Clears JAX's internal caches to ensure fresh compilation for benchmarking.

In [18]:
jax.clear_caches()

### Run Benchmarking

Executes the benchmarking functions for various `nside` values to collect performance data.

In [None]:
fwd_times = []
bwd_times = []
nsides = [4 , 8 , 16 , 32 , 64 , 128 , 256 ]
for nside in nsides:
    fwd_times.append(run_fwd_test(nside))
    bwd_times.append(run_bwd_test(nside))

For nside 128
 -> FWD
 -> -> cuda_jit_time: 4.4200, cuda_run_time: 0.6231 mse against hp 2.3766630166715178e-29
 -> -> jax_jit_time: 38.6306, jax_run_time: 0.6253 mse against hp 2.3766630166715178e-29
 -> -> healpy_jit_time: 0.8766, healpy_run_time: 0.4540
For nside 128
 -> BWD
 -> -> cuda_jit_time: 1.3143, cuda_run_time: 0.0907 mse against hp 2.5339123457221976e-25
 -> -> jax_jit_time: 15.6730, jax_run_time: 0.1263 mse against hp 2.5339096506006936e-25
 -> -> healpy_jit_time: 0.0512, healpy_run_time: 0.0041 
For nside 256
 -> FWD
 -> -> cuda_jit_time: 8.7759, cuda_run_time: 4.6370 mse against hp 4.332503429570958e-10
 -> -> jax_jit_time: 88.8303, jax_run_time: 4.6417 mse against hp 4.332503429570958e-10
 -> -> healpy_jit_time: 2.5950, healpy_run_time: 1.7487


KeyboardInterrupt: 

: 

### Plotting Utility

This cell defines a utility function to plot the compilation and execution times obtained from the benchmarking tests.

In [None]:
import matplotlib.pyplot as plt
import numpy as np
import seaborn as sns
sns.plotting_context("poster")
sns.set(font_scale=1.4)


def plot_times(title, nsides, chrono_times):

    # Extracting times from the chrono_times
    cuda_jit_times = [times[0] for times in chrono_times]
    cuda_run_times = [times[1] for times in chrono_times]
    jax_jit_times = [times[2] for times in chrono_times]
    jax_run_times = [times[3] for times in chrono_times]
    healpy_jit_times = [times[4] for times in chrono_times]
    healpy_run_times = [times[5] for times in chrono_times]

    # Create subplots
    fig, (ax1, ax2) = plt.subplots(1, 2, figsize=(14, 7))
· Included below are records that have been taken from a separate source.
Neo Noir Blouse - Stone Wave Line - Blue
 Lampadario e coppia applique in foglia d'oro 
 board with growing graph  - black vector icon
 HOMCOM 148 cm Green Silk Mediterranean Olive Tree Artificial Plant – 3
    f2 = lambda a: np.log2(a)
    g2 = lambda b: b**2


    # Plot for JIT times
    ax1.plot(nsides, cuda_jit_times, 'g-o', label='ours')
    ax1.plot(nsides, jax_jit_times, 'b-o', label='s2fft base')
    ax1.plot(nsides, healpy_jit_times, 'r-o', label='Healpy')
    ax1.set_title('Compilation Times (first run)')
    ax1.set_xlabel('nside')
    ax1.set_ylabel('Time (seconds)')
    ax1.set_xscale('function', functions=(f2, g2))
    ax1.set_xticks(nsides)
    ax1.set_xticklabels(nsides)
    ax1.legend()
    ax1.grid(True, which="both", ls="--")

    # Plot for Run times
    ax2.plot(nsides, cuda_run_times, 'g-o', label='ours')
    ax2.plot(nsides, jax_run_times, 'b-o', label='s2fft base')
    ax2.plot(nsides, healpy_run_times, 'r-o', label='Healpy')
    ax2.set_title('Execution Times')
    ax2.set_xlabel('nside')
    ax2.set_ylabel('Time (seconds)')
    ax2.set_xscale('function', functions=(f2, g2))
    ax2.set_xticks(nsides)
    ax2.set_xticklabels(nsides)
    ax2.legend()
    ax2.grid(True, which="both", ls="--")
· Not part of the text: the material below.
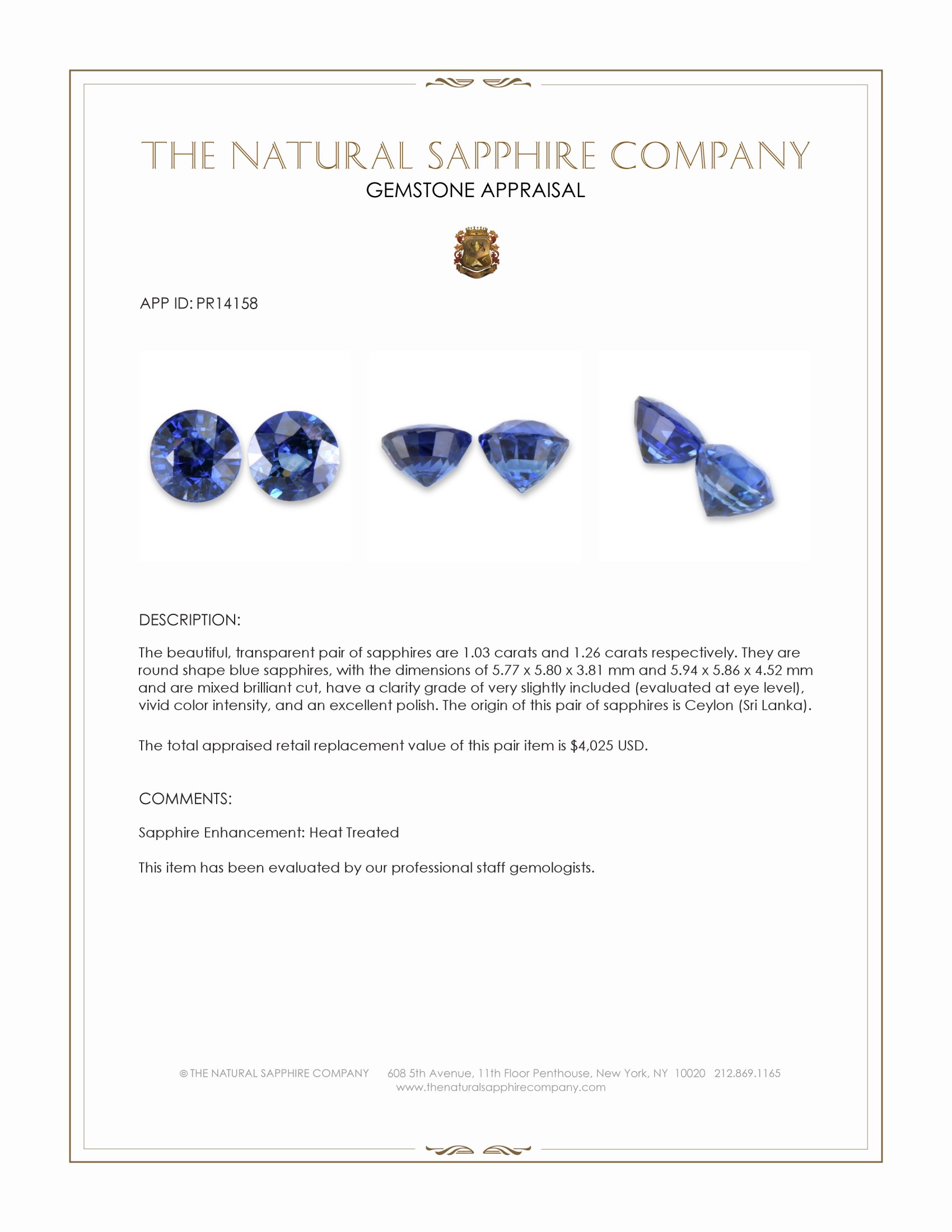 2.29 Ct.Tw. Blue Sapphire Pair from Ceylon (Sri Lanka)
    # Set the overall title for the figure
    fig.suptitle(title, fontsize=16)

    # Show the plots
    plt.tight_layout(rect=[0, 0, 1, 0.96])  # Adjust rect to make space for the suptitle
    plt.show()

### Visualize Performance Results

This cell calls the plotting function to visualize the benchmark results for forward and backward transforms.

In [None]:
plot_times("Forward FFT Times", nsides, fwd_times)
plot_times("Backward FFT Times", nsides, bwd_times)
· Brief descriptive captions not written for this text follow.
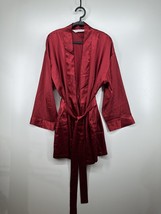 Victoria’s Secret Vintage Ruby Red Robe Lace Back large open Sleeve silky finish - £23.43 GBP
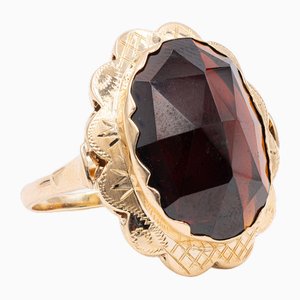 Vintage 14k Gold Garnet Ring, 1960s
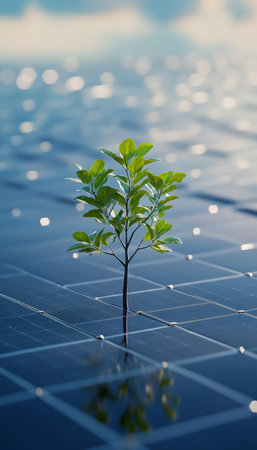 Young tree emerging amid solar panels a symbol of renewable energy and sustainable future growthの素材
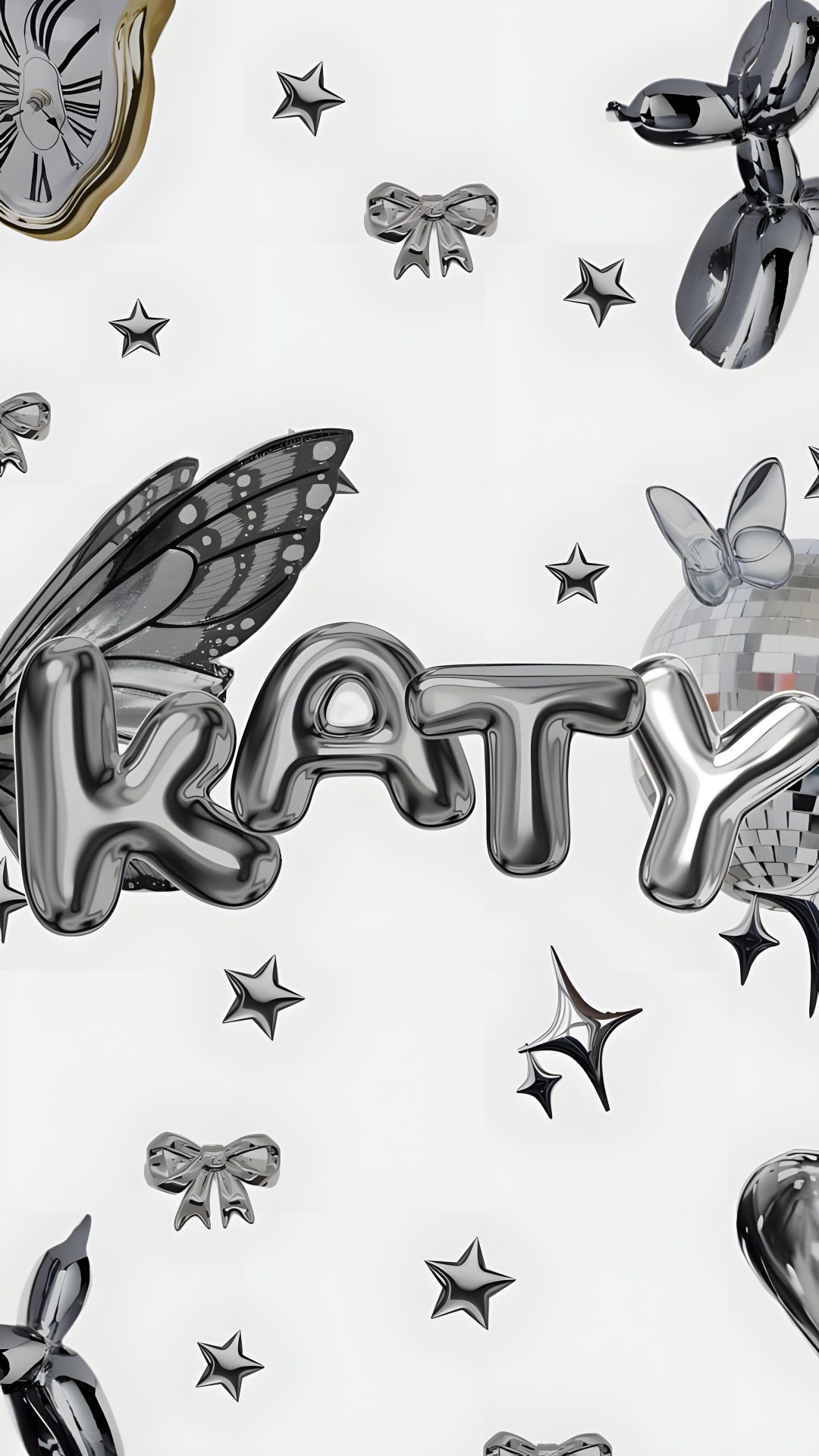 the word art surrounded by silver stars and balloons in the shape of butterflies, moths, and hearts Katy Name Name Backgrounds For Halloween lavender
### Final Reconstruction and Error Check

This cell performs a final inverse transform to reconstruct the map and calculates the Mean Squared Error (MSE) against the `healpy` reconstructed map to verify accuracy.

In [None]:
# Test backward transform
map_reconstructed = inverse(j_alms, nside=nside, L=L, sampling='healpix', method='jax_cuda')
print(f"shape of map_reconstructed: {map_reconstructed.shape}")
hp_reconstructed = hp.alm2map(alms_healpy, nside=nside, lmax=lmax)

# Compute the mean squared error between the two maps
mse = jnp.mean((map_reconstructed - hp_reconstructed) ** 2)
print(f"Mean Squared Error between reconstructed map and healpy map: {mse}")

shape of map_reconstructed: (3072,)
Mean Squared Error between reconstructed map and healpy map: (1.8236620334440454e-27-8.008792862185043e-31j)